Being non-verbal, Lucas doesn’t ask me for anything. He doesn’t whine for Hatchimals or slime-making glue. There are no subtle hints or commercials to entice him. Everything he wants, he has. Even those things you can trade in for his treasured iPad and he’d be happy.

Simply put, Lucas is the easiest kid to shop for and the hardest kid to shop for. He’s a walking paradox of present panic and it’s enough to bring on an anxiety attack in the Lego aisle of Target.

chillWhen he gets a gift, there is never any expectation, at least on my part, for him to like it initially. There’s no interest in wrapping paper, cards, gift bags, or bows. Even if I force him to stand in place as I “help him” tear it open, he politely stands with indifference and runs off as soon as he thinks the coast is clear. It leaves me, kneeling on the floor next to a confused family member or friend, and holding a farm-sounds puzzle that I specifically put on his Amazon wish list. My initial fear is always, “Oh no. They’re going to think I wanted this for myself or something.”

I didn’t. I swear. I put it on the list for him. In fact, I put it on because his teacher specifically told me that he liked this exact one that they bought. Now it’s here, it’s unwrapped, and he’s running off to play the same $2 Elmo iPad app that I bought him in 2014.

He has almost never liked any gift right from the start. The closest we’ve ever gotten to it was last year when we gave him a giant blow-up canoe bed thing I discovered online. Resembling a huge green microfiber hotdog bun, it was highly recommended for children with Autism and would hug him as soon as he crawled inside. I hauled it into den and, despite being seven feet long, it weighed next to nothing. I remember feeling pretty strong in that moment.

Not Lucas, though. He was pretty tired in that moment. As soon as it was placed on the floor, he walked over and climbed in. Everyone let out an “aww” and he promptly fell asleep inside. It was adorable. We wrote it off as a win.

Truth be told, though, he would have fallen asleep on a rusty Bunsen burner at that point. It was late, he was wearing nice clothes, and wanted nothing more than pass out. Since that day, he hasn’t used the hot dog canoe all that much, further driving home the fact that his initial reactions – good or bad – don’t always tell you how he feels overall. We use it more than he does.

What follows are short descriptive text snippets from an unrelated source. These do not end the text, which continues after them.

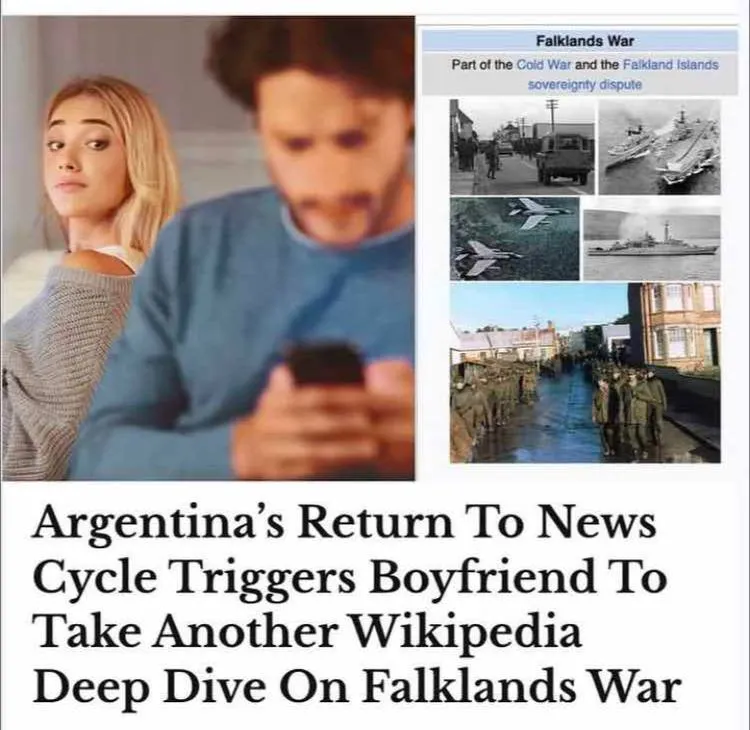 Untitled meme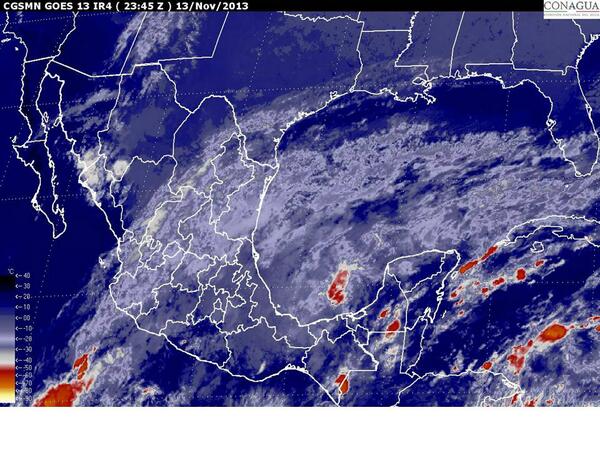 conagua_clima's tweet photo. #Saltillo Coah,registra 5°C de #temperatura ambiente, SanLuisPotosí SLP,8°C, Tacubaya DF,8.4°C,Arpto Cd.México 10°C http://t.co/c0TqTt2PTx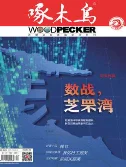 啄木鸟2023年9期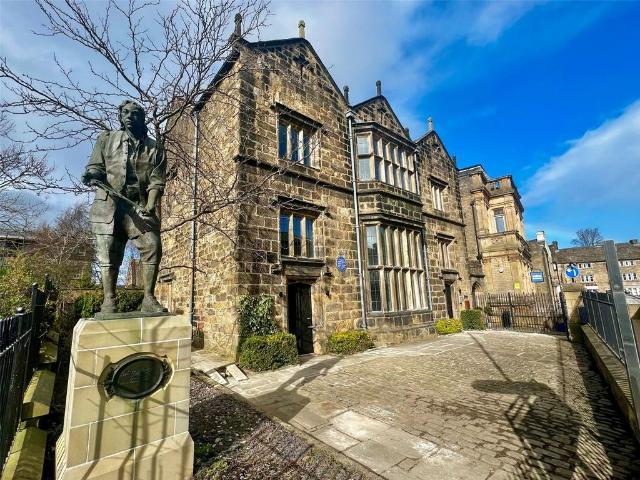 Apartment for rent in Otley, West Yorkshire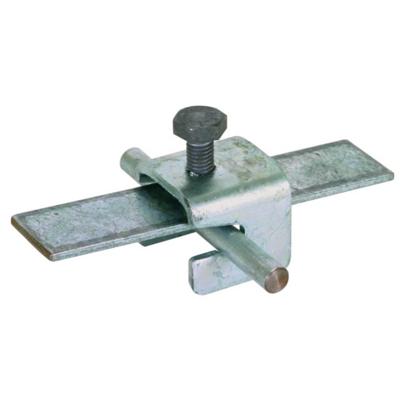 DEHN 308026 VK 6.10 FL30 FL30 BSB STTZN Verbindingsklem 13 kA DEHN 308026 VK 6.10 FL30 FL30 BSB STTZN Verbindingsklem 13 kA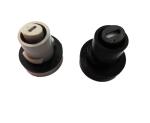 Sealed Lead Acid Battery Plastic Safety Protective Ventilation Vent Plug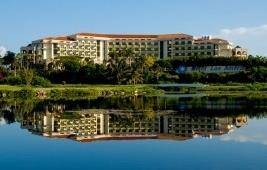 Melia Las Americas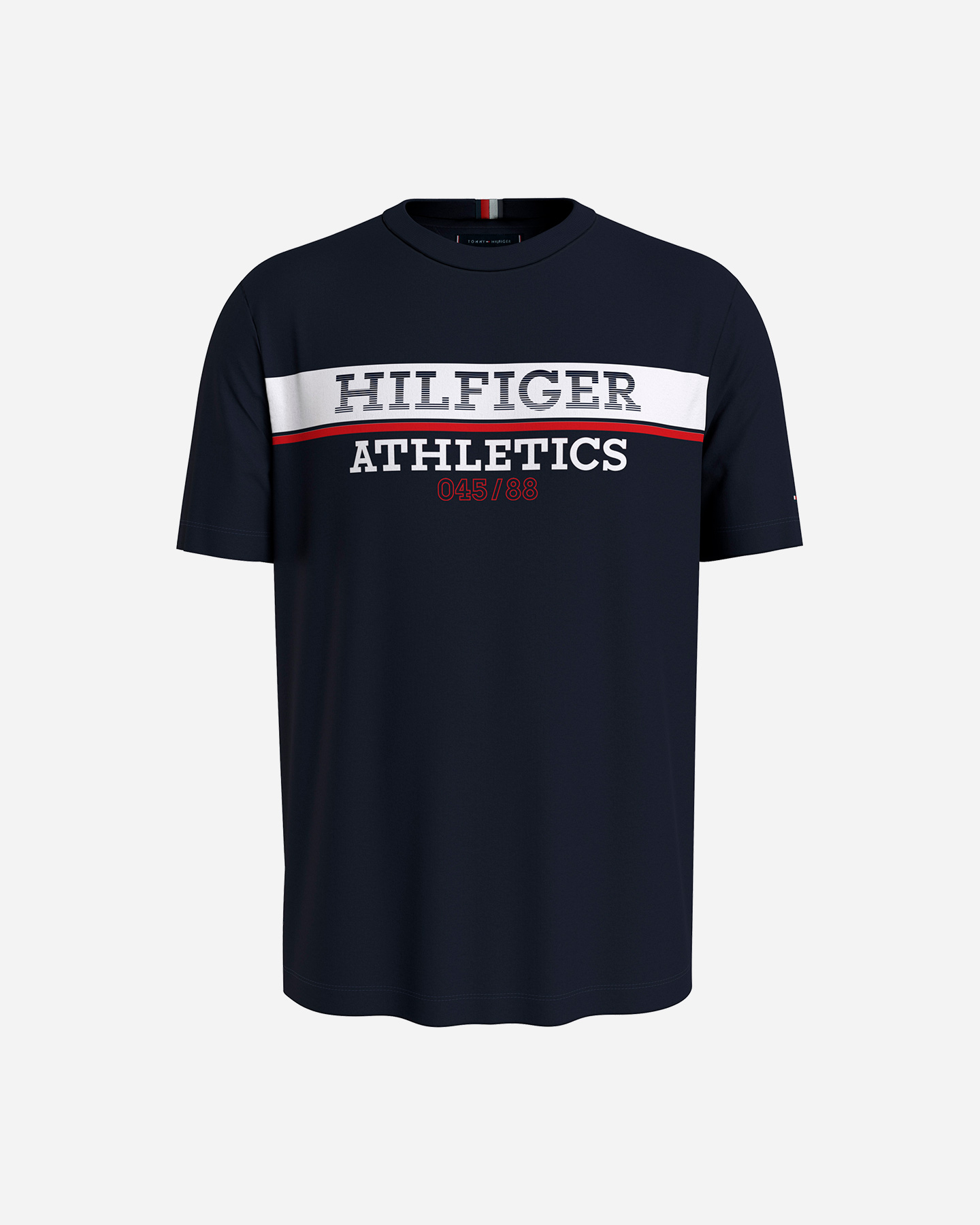 Tommy Hilfiger Basic M - T-shirt - Uomo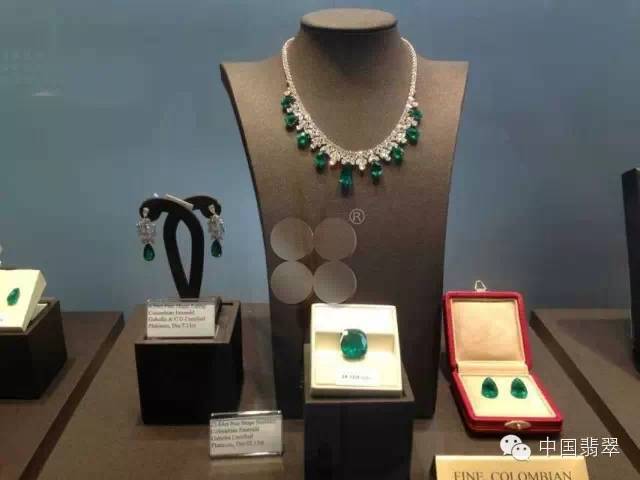 香港国际珠宝展2018珍珠,香港国际珠宝展开幕式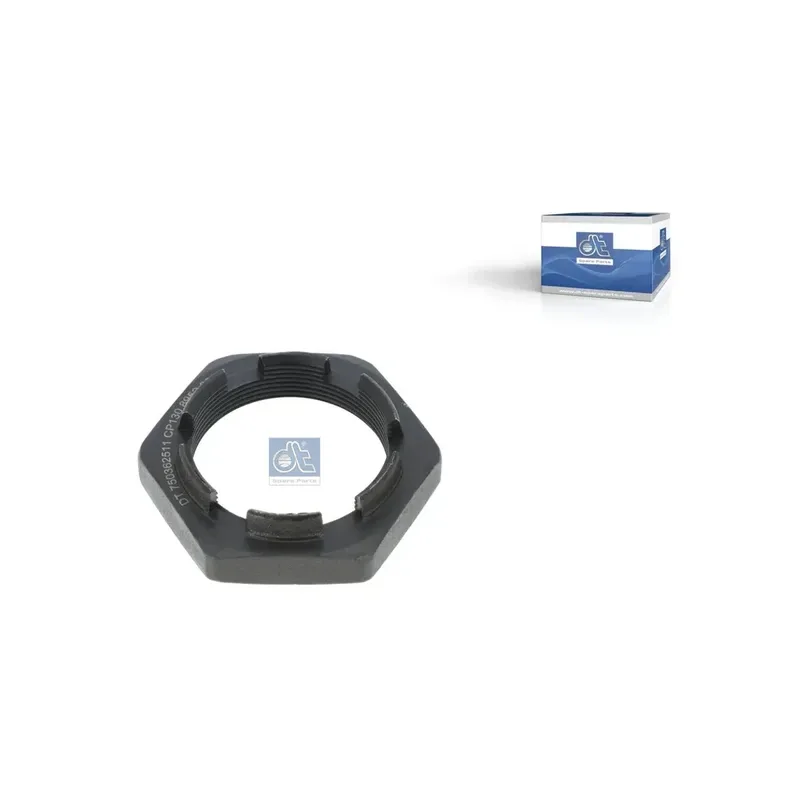 Tekerlek Poryası Flanş Somunu DT Spare Parts 2.65063 – Volvo FH / FM / FMX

cnoeAs usual, I envy my boy  for being able to tune out all the social norm nonsense that I get caught up in myself. Opening gifts can sometimes give me anxiety. You’re stared at as you awkwardly peel away the paper and comment about “not wanting to ruin such a pretty bow.” Then, the moment you get your first glimpse of what is hiding beneath, you’re immediately analyzed for the slightest micro expression that proves you’re unhappy with it. You know you’ve failed when the gift-giver says, “If you don’t like it, I have the receipt.” Damn. They’re on to me.

No. No. I love it.

Are you sure?

Yeah, I do. I love it. I really needed one of these things. I saw it on TV and was like, “I, uh, really need one of those things.”

It doesn’t matter what “those things” are. They can be garbage, but no one tells a grinning gifter that. You sell the excitement like a champ before you even know what it is. Once they’re satisfied with your manufactured enthusiasm, you have to do the awkward shuffle over discarded wrapping paper for a one-armed thank you hug. Even thinking about it now makes me cringe a bit.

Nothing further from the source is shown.